Exercise brief:
An exact retyping of all lines below is the answer; pictures do not belong in it.

Recorded data:
____________________
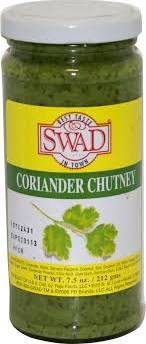 coriander chutney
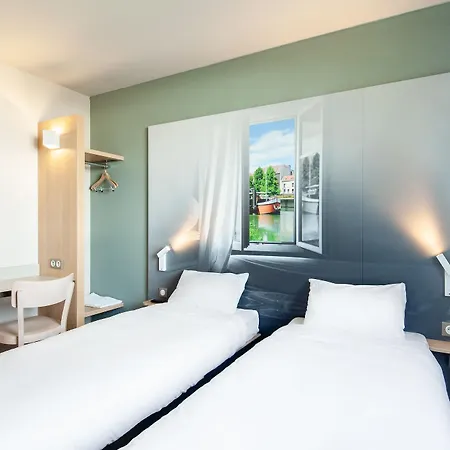 B&B Hotel Meaux Meaux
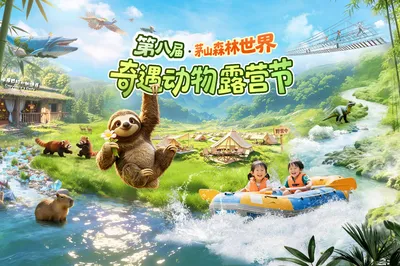 茅山森林世界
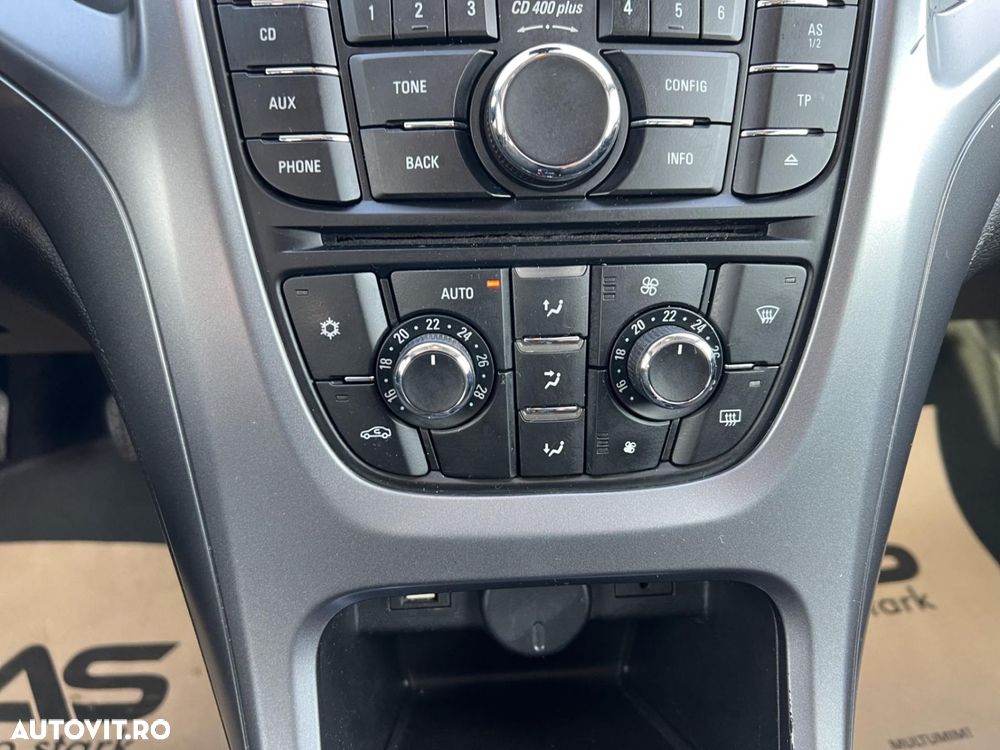 Opel Astra 1.6 CDTI ECOTEC Start/Stop Enjoy - 27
____________________
Answer for the task:
 coriander chutney
 B&B Hotel Meaux Meaux
 茅山森林世界
 Opel Astra 1.6 CDTI ECOTEC Start/Stop Enjoy - 27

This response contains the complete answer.